- _WHAT IS BEING ASKED_: When you reach the line that contains "Photo #14: 105 Rogers Drive", begin copying exactly and continue through the last line below. Do not copy pictures.

--- STORED DATA ---

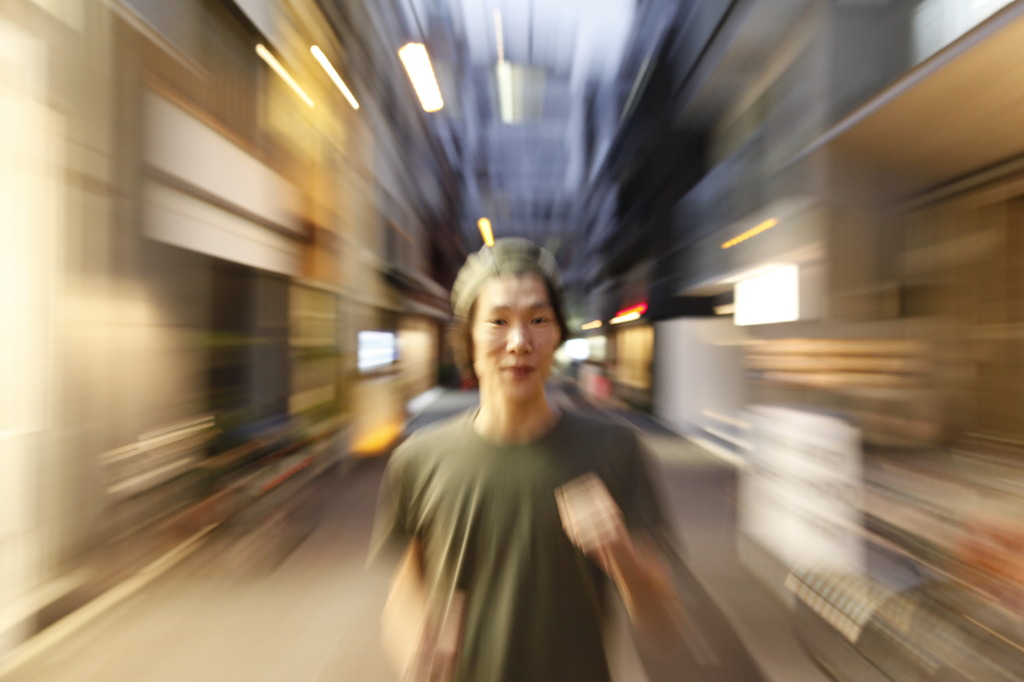 よってくる〜〜〜〜〜〜。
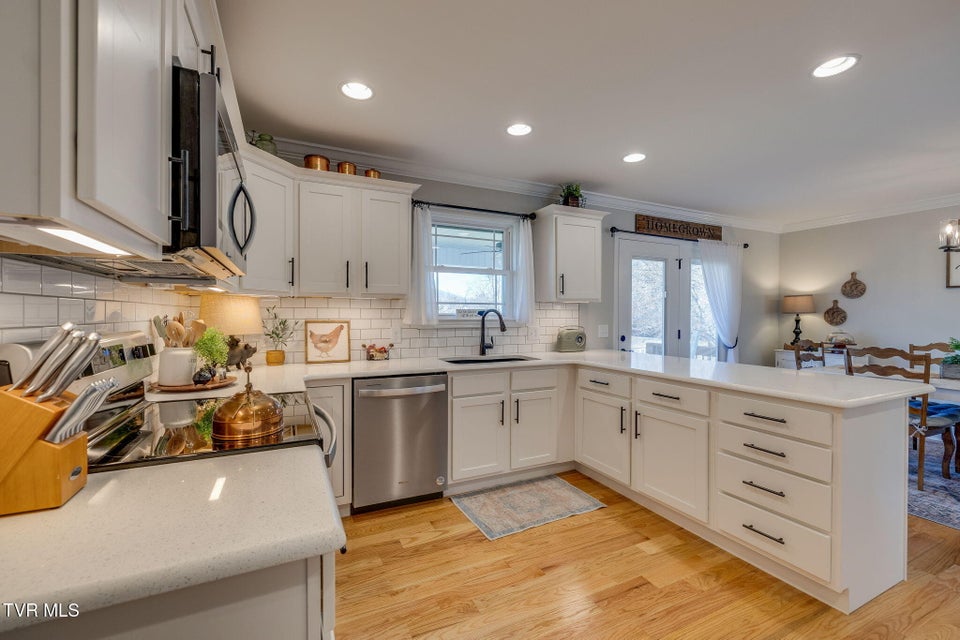 Photo #14: 105 Rogers Drive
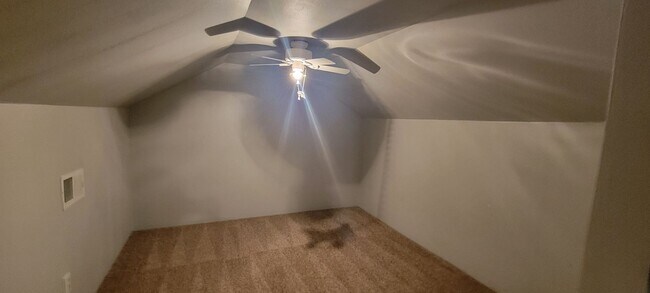 Building Photo - Vaulted Ceiling, Huge Yard, Close to Town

---

- _EXERCISE RESULT_:
 Photo #14: 105 Rogers Drive
 Building Photo - Vaulted Ceiling, Huge Yard, Close to Town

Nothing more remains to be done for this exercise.